Western intellectuals are not idiots
1. He says: “Doniger translates “dharma” as “religion”. Apparently, Indians should not criticize that because we know neither what the English word “religion” means nor do we know what “dharma” means because neither English nor Sanskrit is our mother tongue.”
First of all I do not say or imply that Indians should not criticize the translation. I merely point out that (a) there is indeterminacy in translation across two languages and therefore (b) we can only make ‘qualitative’ criticisms. That is to say, one must suggest how the word “Dharma” should be translated in all those different contexts that Doniger translates it as “Religion”. Otherwise, the criticism (“that it is not an ‘accurate’ translation”) is bogus.
Secondly, I did not say nor imply that we do not know the meaning of “religion” or “dharma”. That is, I did not claim that these two words are just as intelligible to us as the words ‘pif-paf’ and ‘paf-paf’.
2. He further says: “We may have the word dharma in Hindi but it may mean something different in Sanskrit. Besides, both these words are ambiguous –another reason we can’t criticize the translation since we don’t know all the shades of meaning of “religion” nor of “dharma”. Similarly when “brahmin” is translated as “priest.” Of course Doniger could have translated “dharma” as “perversion” and “brahmin” as “idiot” and since we don’t know what “perversion” and “idiot” mean either, we couldn’t really criticize that as well.”
Again, I did not claim nor did I imply that we must know “all shades of meaning” (whatever that means in the present context) in order to translate.
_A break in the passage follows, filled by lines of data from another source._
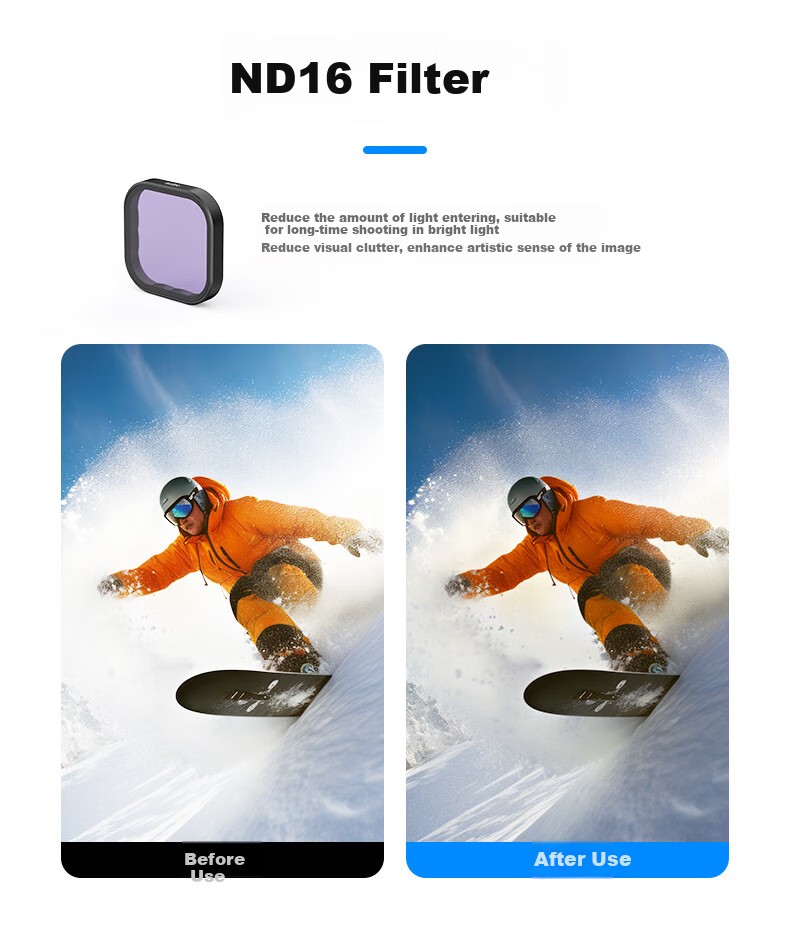TELESIN Compatible with GoPo13 Filter Set, Including ND Filter, Polarizing Filter, And Sports Camera Filters for GoPro, Including CPL/ND8/ND16/ND32/ND64 7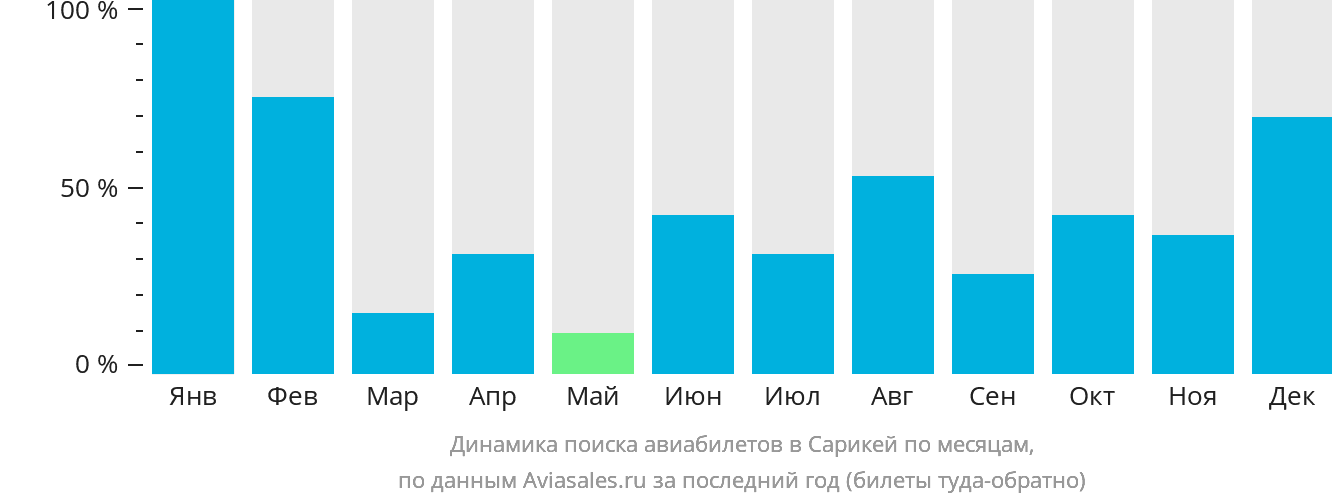 Динамика поиска авиабилетов в Сарикей по месяцам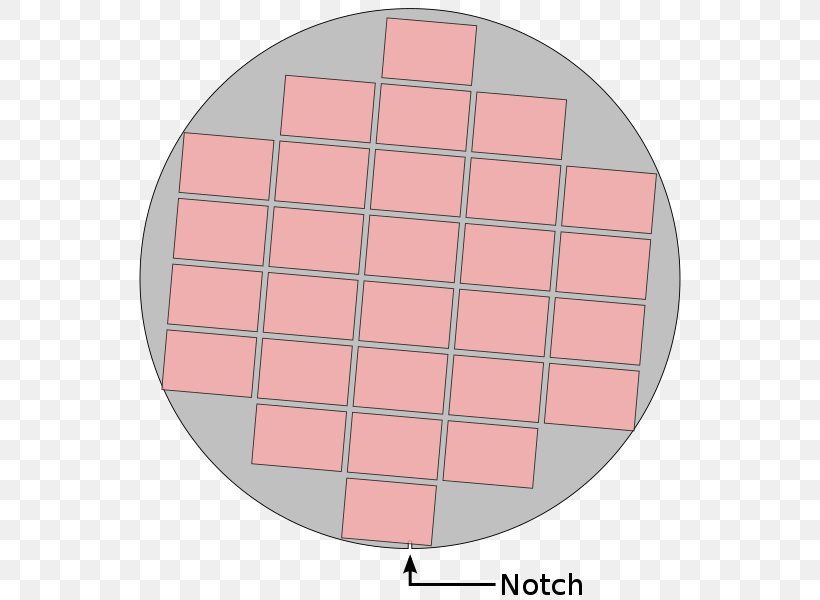 Area Circle Rectangle Square, PNG, 552x600px, Area, Design M, Meter, Peach, Pink Download Free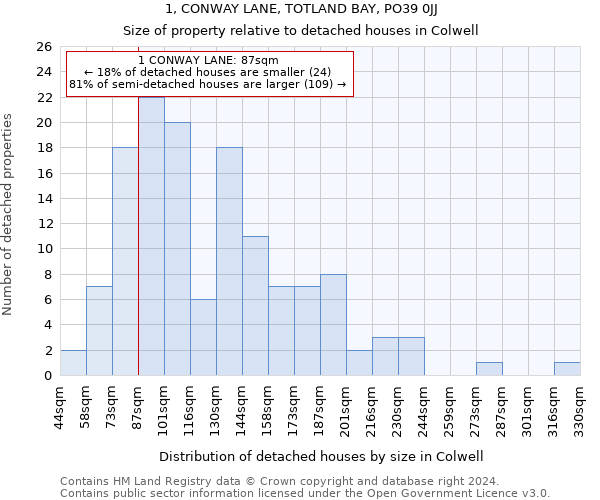 1, CONWAY LANE, TOTLAND BAY, PO39 0JJ: Size of property relative to detached houses in Colwell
Nor does it follow from anything I have said that one could then use any word in one language to translate any word from another language.
That there is indeterminacy of meaning in translation does not entail that one denies that words have meanings, surely. Words occur in a language and a language has rules, conventions, dictionaries, and such like. It has a syntax, semantics and pragmatics of communication. Who has denied this? Quine has not; nor have I.
It is the linguistic convention to translate ‘dharma’ as religion and ‘brahmin’ as ‘priest’. One cannot fulminate against this centuries-old practice unless one comes up with alternatives and shows why the alternative is better than the centuries-old practice. Until such stage is reached, wisdom counsels us to keep quiet. To reach such a stage, it is not Sanskrit or English that one should study but the relevant phenomena in the world to build a theory about the phenomenon in question.
3. The subsequent paragraph simply repeats the same misunderstanding without understanding my post. Of course, to understand my post and react to that, the presupposition is that one has read what linguists and philosophers of language have written about meaning and use. If one has not done this work, and has merely some vague common-sense ideas about translation, then one should have the minimal humility to keep quiet and not attack Doniger’s translation.
This, then, is the “point of my argument”. Do not think that western intellectuals are idiots and imbeciles. Being an Indian and a native speaker of some Indian language does not give you some marvelous ability to criticize the western intellectuals based on your common-sense ideas about the world. People like Wendy have put in years of serious effort to learn languages and theories and if one wants to take them on, one must make sure that one is their intellectual match. And that requires years (if not decades) of dedicated work. That is the “point of my argument”.